### COLLECTED MATERIAL

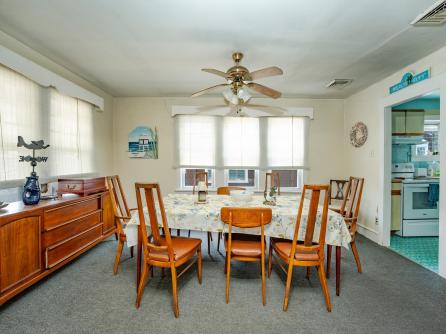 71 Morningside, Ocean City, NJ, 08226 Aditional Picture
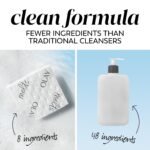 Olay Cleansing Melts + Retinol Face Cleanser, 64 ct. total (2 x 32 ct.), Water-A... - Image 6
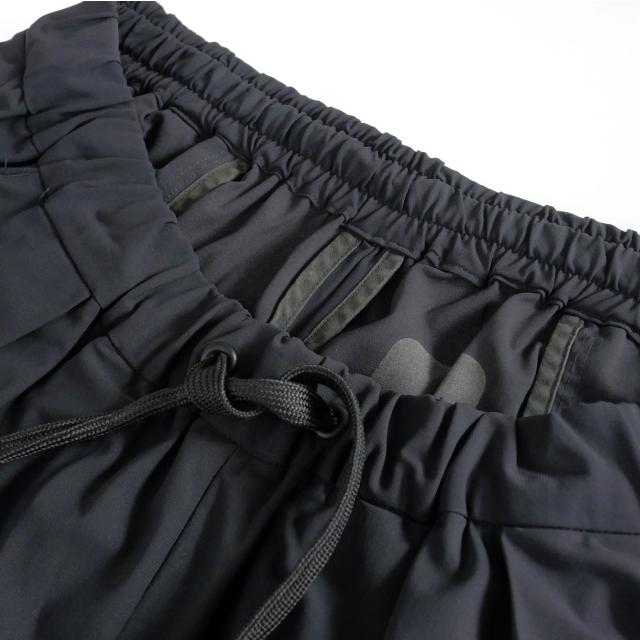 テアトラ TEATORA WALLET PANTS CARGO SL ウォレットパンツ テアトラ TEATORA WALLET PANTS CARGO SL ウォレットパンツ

### WORK TO BE COMPLETED
The required output is the span of lines from the line with "Olay Cleansing Melts" through the final line of the listing above, reproduced exactly, minus the pictures.

### RESPONSE TO THIS EXERCISE
 Olay Cleansing Melts + Retinol Face Cleanser, 64 ct. total (2 x 32 ct.), Water-A... - Image 6
 テアトラ TEATORA WALLET PANTS CARGO SL ウォレットパンツ テアトラ TEATORA WALLET PANTS CARGO SL ウォレットパンツ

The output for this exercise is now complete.